DATASET CONTENT -

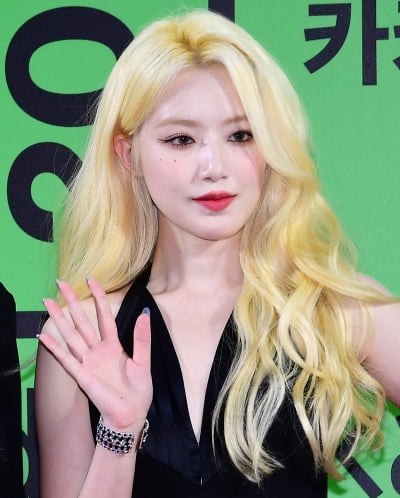 [TEN 포토] (여자)아이들 슈화 '매력적인 그녀'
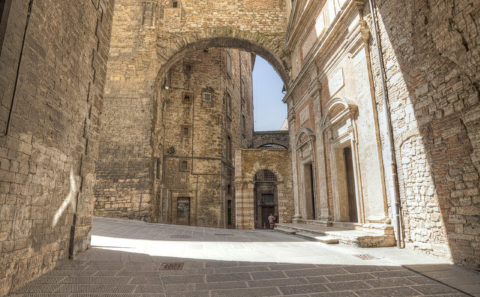perugia archi maestà delle volte albano nicola foto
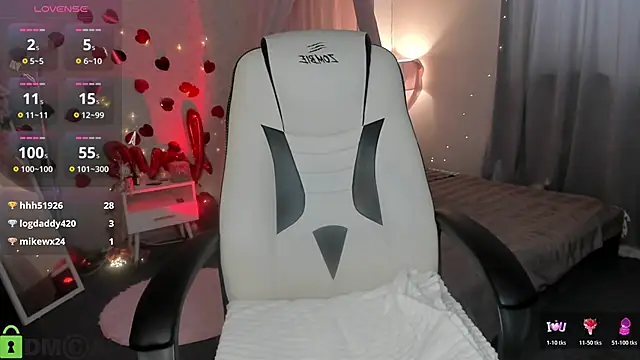 Luna_Vibee's Live XXX Chat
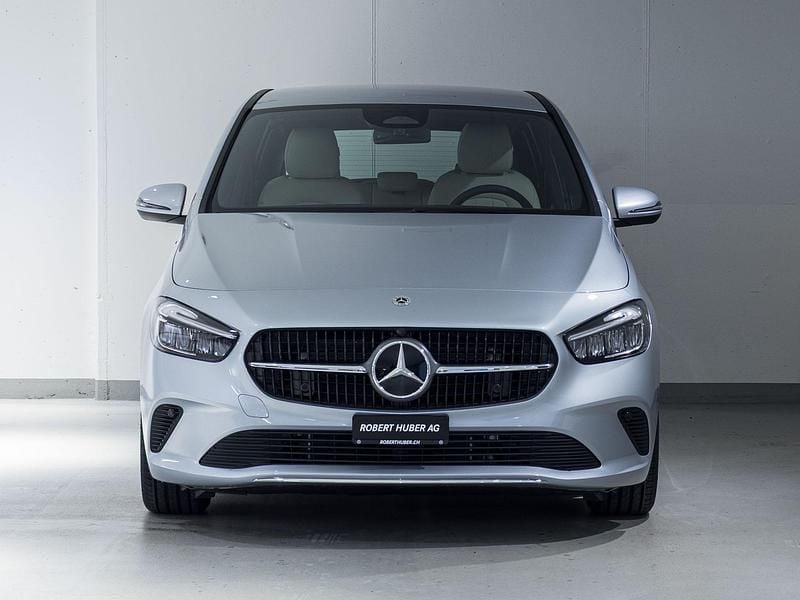 Neu Mercedes B200 174 PS (127 kW) 2025 Silber Van / Kleinbus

EXERCISE DIRECTIONS - Leaving the pictures aside, write out only the lines from the one containing "Luna_Vibee's Live XXX Chat" through the end of the material, exactly as they stand.

EXERCISE RESPONSE -
 Luna_Vibee's Live XXX Chat
 Neu Mercedes B200 174 PS (127 kW) 2025 Silber Van / Kleinbus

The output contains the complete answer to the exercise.